Seese put together a team of experts in multiple engineering disciplines including electrical, mechanical, and structural. Significantly, he adds, collaborations were based on the Rocky Mountain Institute’s charette concept. “We instructed everyone when they came to these charettes to leave their particular specialty at the door and, instead, come into the room and be an engineer that day—not necessarily a structural, civil, or mechanical engineer.”

He credits the approach as instrumental in helping the team to get the facility pre-certified for a US Green Building Council’s Leadership in Energy and Environmental Design Core and Shell Platinum rating.

Photo: NetApp A vari-prime chilled-water distribution system is used in conjunction with these Trane chillers to efficiently cool the NetApp facility.

“They really did find creative solutions instead of just going back to the old habits of doing things the way they had always been done,” says Seese. “A lot of that was based on the naïveté of engineers, who maybe didn’t understand mechanical engineering, but they asked, ‘Why don’t you do it this way?’ And in a lot of cases, the mechanical or electrical engineer would come back and say, ‘Let me see if that solution does work.’”

One of the most important strategies that the team used, Seese points out, was making use of the outside air temperature in the Sacramento area. “We looked at the weather in the Sacramento area and found out that we could use outside air to cool our facility 75% of the year,” he says. “In a typical data center, chillers consume as much as 0.6 kW per ton—that’s a lot of energy. If we could find a way to use outside air and not cause problems with the dust count in the air, we could save a lot of energy.”

Seese adds that Rumsey Engineers of Oakland, CA, which had assisted in the design of many “clean rooms” for semiconductor manufacturing, had successfully utilized outside air for cooling these facilities.

Average high temperatures in the Sacramento area range from 55–82°F between November and May, compared with 89–94°F from June through September. The bigger challenge in bringing outside air into the new facility via high-efficiency fans, Seese says, was controlling the humidity for a few days out of the cooler months—without consuming a lot of power.
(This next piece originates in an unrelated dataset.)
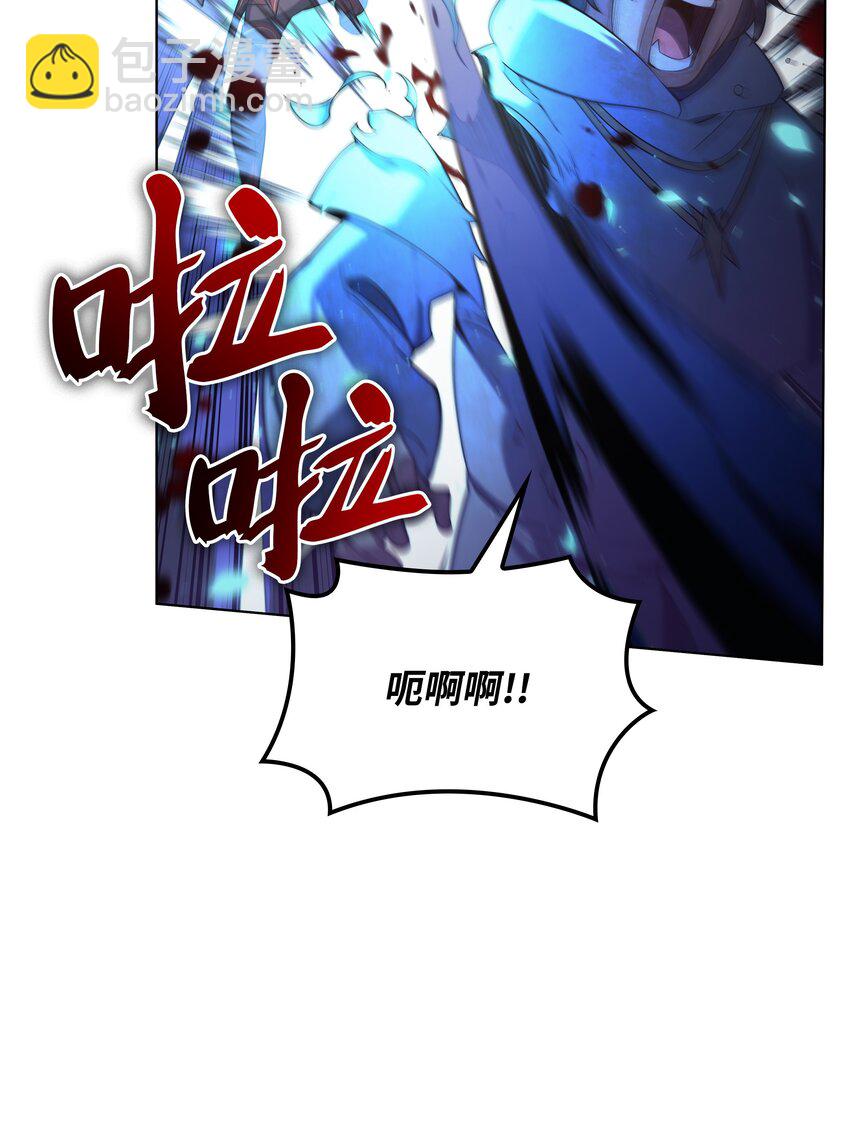 149 乐园的尽头64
Noting that the region usually has optimal humidity for the natural cooling strategy, he reports that high-efficiency atomizing dehumidifiers will be used to dehumidify the return air stream.
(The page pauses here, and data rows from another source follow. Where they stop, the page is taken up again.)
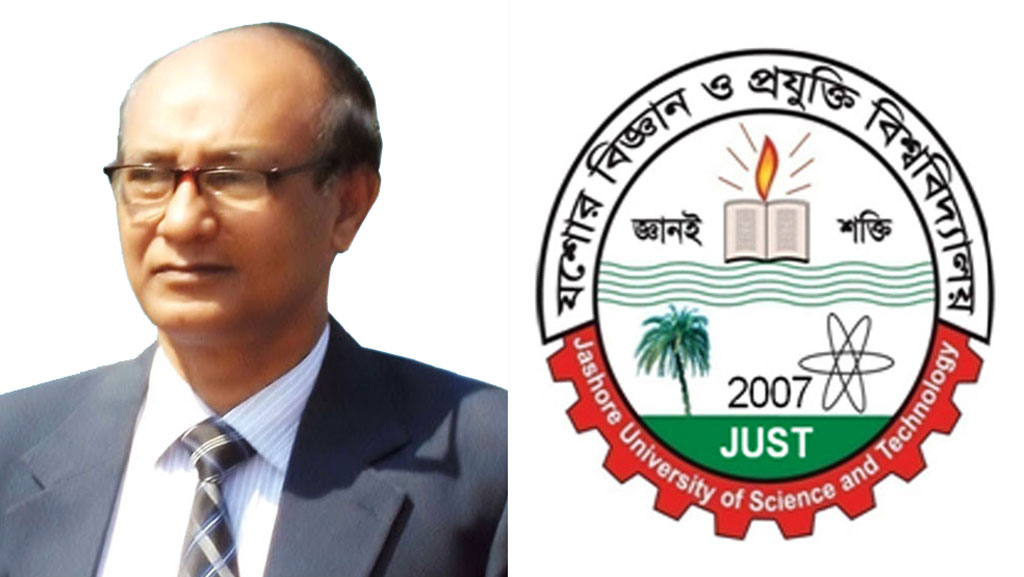 যবিপ্রবির সাবেক উপাচার্যের বিরুদ্ধে দুদকের আরেক মামলা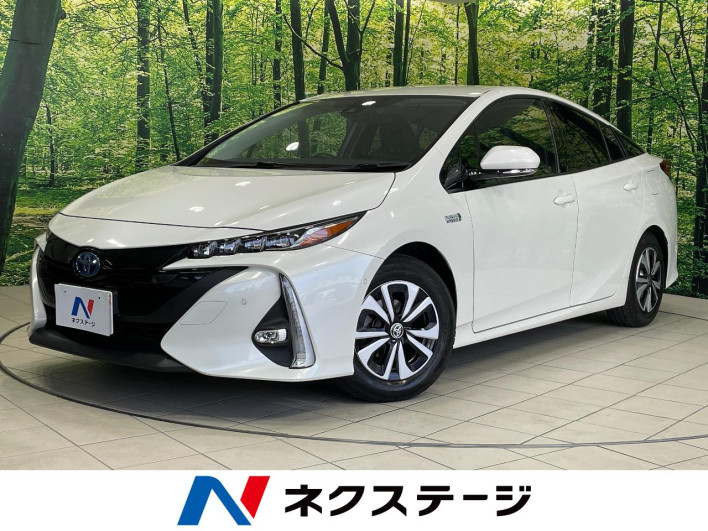 2017 Toyota Prius PHV DLA-ZVW52 (UW-6a0d273ae4047)[3]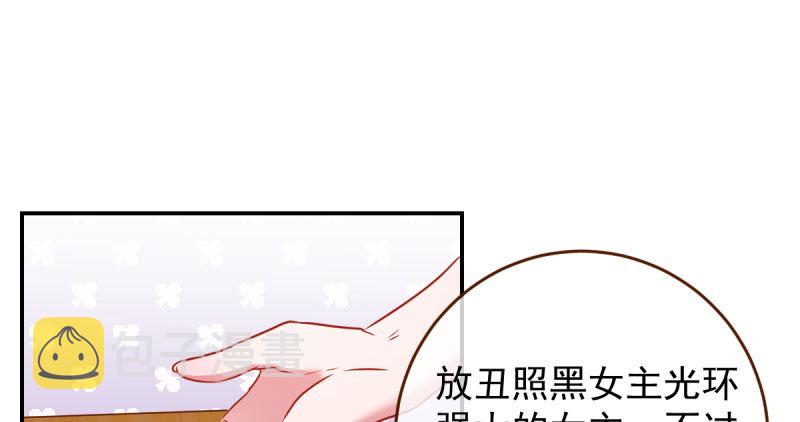 支票你随便填107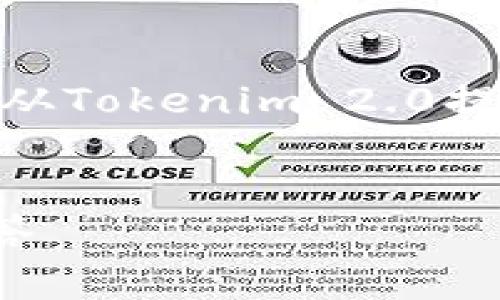 在这里，我为您提供一个符合的和相关关键词，同时围绕“如何从Tokenim 2.0提取EOS到货币”这个主题，介绍相关信息，包含常见问题的解答。

:
如何从Tokenim 2.0提取EOS到货币：详细指南与常见问题解答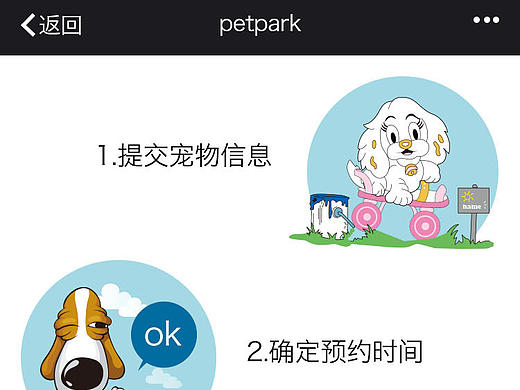 微信端,操作流程展示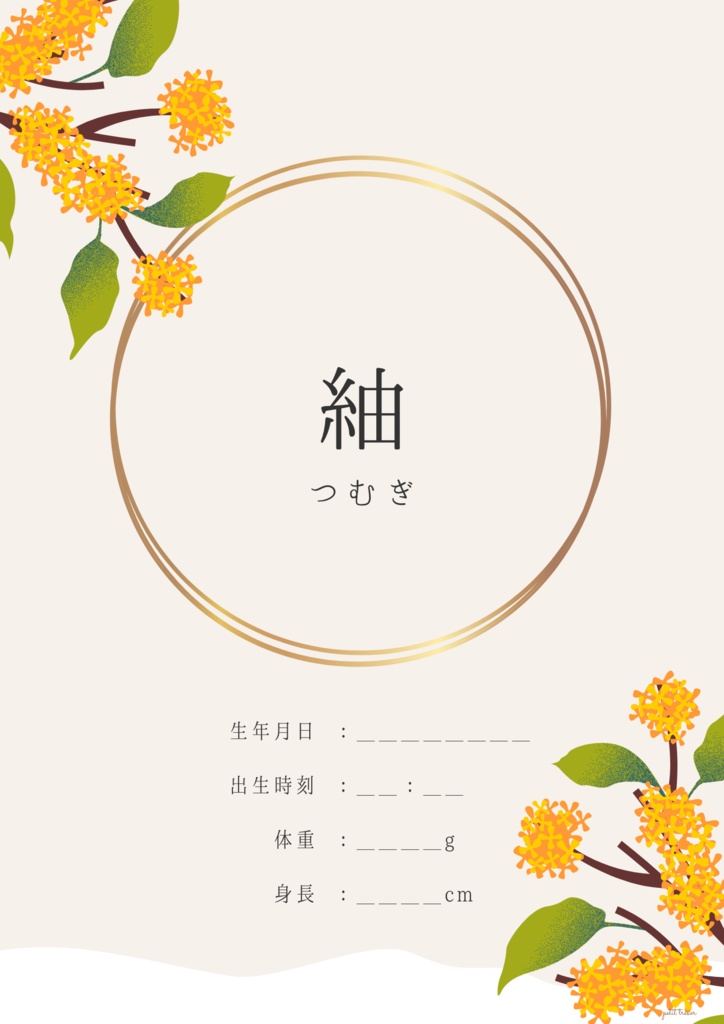 【完成品】和風デザイン 黄色|デジタル命名書_紬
During months in which it was necessary to chill water for cooling, the facility will use up to six modular centrifugal chillers: five 750-ton units and a 250-ton unit for low-load conditions for initial occupation of the space. The 250-ton unit and one of the 750-ton units are equipped with variable frequency drives; Seese explains that these two units would be used in situations where 850–1,500 tons of chilled water are needed, and the other 750-ton units can be utilized incrementally when more than 1,000 tons are needed. Another significant cost-saving aspect of the facility, Seese adds, is the fact that the chillers are located outside of the facility. “We had to put our chillers outdoors because putting our chillers indoors would have had too much of an impact on the amount of real estate we had to lease out for business purposes—we had a certain number of square feet to rent,” he notes. “They don’t like the rain, so you have to cover them; this solution puts the cooling towers over the top of the chillers.”
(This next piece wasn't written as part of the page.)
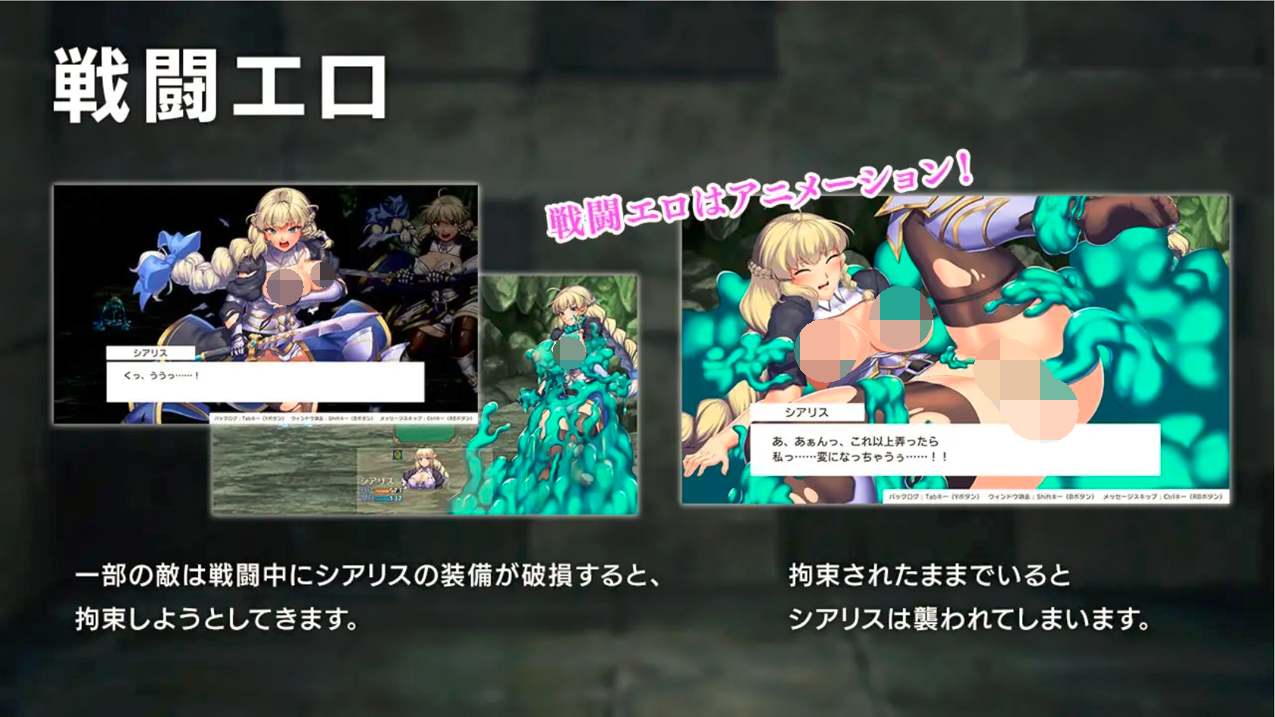 [RPG/官中/NTR] 隐秘魔法～女神灵石（オプスキュリテ・マジー ～ 女神の精霊石）ver1.17-第3张图片-萌站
“This idea of delivering cold air underneath the floor and expecting that cold air to rise runs counter to the laws of physics,” says Seese of traditional data center cooling system design. He explains that the team focused on minimizing the number of required turns in the distribution of chilled air.

In contrast to a typical data center—where air is delivered beneath a raised floor, makes immediate right-angle turns, and travels across the floor before making another right-angle turn, and finds its way up through perforated floor tiles in front of the computer equipment—the new facility will draw air through the outside air louvers, and the drawn-in air will follow a straight path through filters and cooling coils to the equipment floor. The equipment floor is pressurized so that the temperature of the air from the floor to the ceiling is constant—eliminating the hot and cold air mixing that is found in typical data centers.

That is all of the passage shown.